Der Wert der Beschwer und des Streitgegenstands beträgt DM 10.944.–.
Tatbestand
Von der Darstellung des Tatbestands wird gemäß § 543 Abs. 1 ZPO abgesehen.
Gründe
Die Berufung der Beklagten hat in der Sache keinen Erfolg. Der Kläger hat gegen die Beklagte den ihm zuerkannten Anspruch auf Rückzahlung des Mäklerlohns.
Herr X. hatte seinen Rückzahlungsanspruch in Höhe von DM 18240,– am 27. 2. 1995 an den Kläger abgetreten (§ 398 BGB). Der Zedent hatte den Mäklerlohn vor Rechtshängigkeit rechtsgrundlos an die Beklagte gezahlt (§ 812 Abs. 1 Satz 1 BGB).
a) Am 20. 12. 1992 hatte der Zedent mit der Beklagten einen Maklervertrag geschlossen, nach dessen Inhalt er den Lohn zahlen sollte (§ 652 Abs. 1 Satz 1 BGB).
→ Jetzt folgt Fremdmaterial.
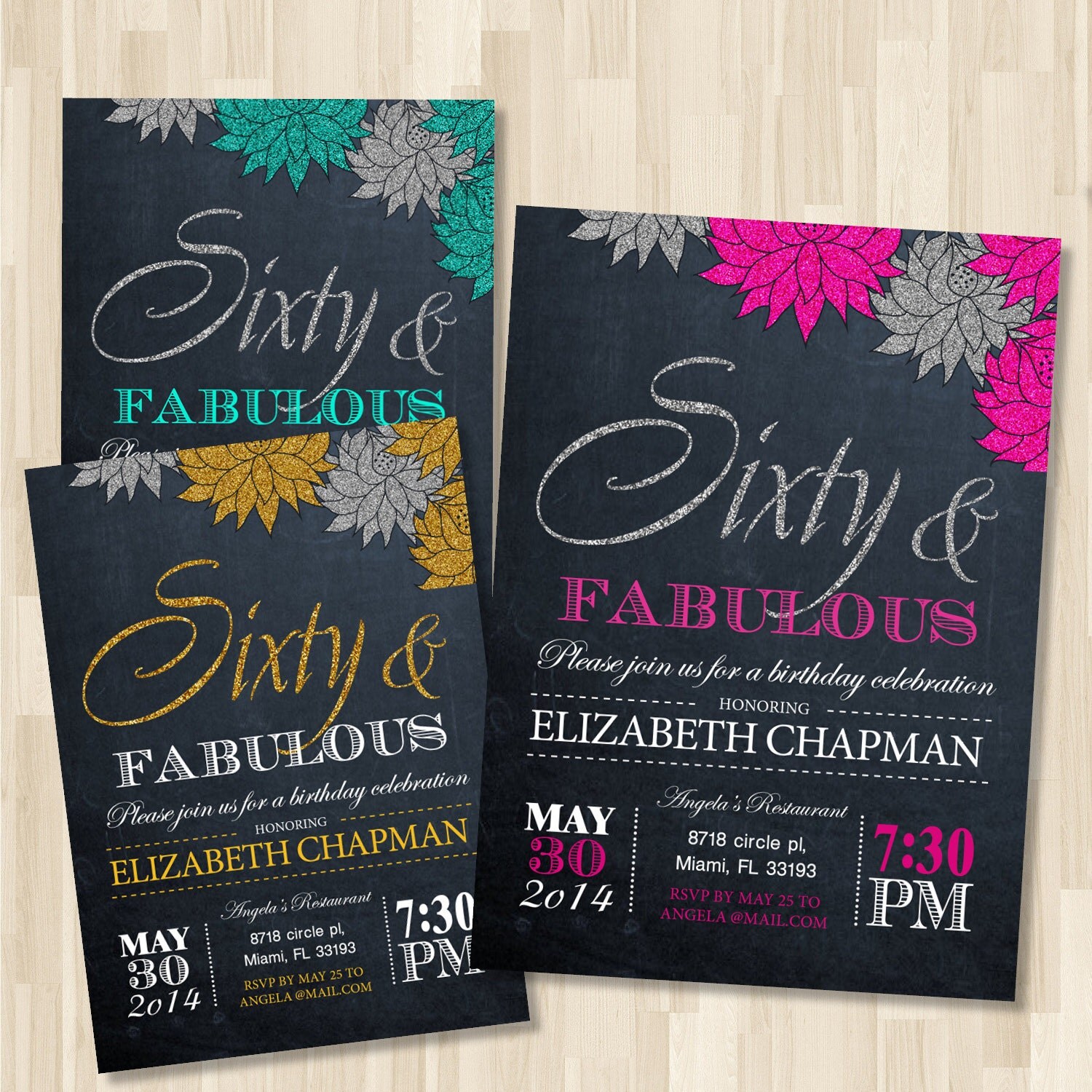 Adult Birthday Printable invitation. Woman in 30th 40th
Die Beklagte hatte die von ihr geschuldete Leistung insoweit erbracht, als sie dem Zedenten den Kauf eines Restitutionsanspruchs nachgewiesen hatte, der nach den Bestimmungen des Vermögensgesetzes einem Herrn R. zustand. Der Kaufvertrag war am 5. 11. 1992 geschlossen worden.
b) Der Anspruch der Beklagten auf den vereinbarten Mäklerlohn war ausgeschlossen, da die Beklagte dem Inhalte des Maklervertrags zuwider auch für den Verkäufer des Anspruchs tätig geworden war (§ 654 BGB). Der Umstand, daß die Beklagte am 23. 6. 1992 auch mit dem Verkäufer R. einen Maklervertrag geschlossen hatte, den sie infolge ihrer Vermittlungstätigkeit ebenfalls weitgehend erfüllte, ist zwischen den Parteien unstreitig.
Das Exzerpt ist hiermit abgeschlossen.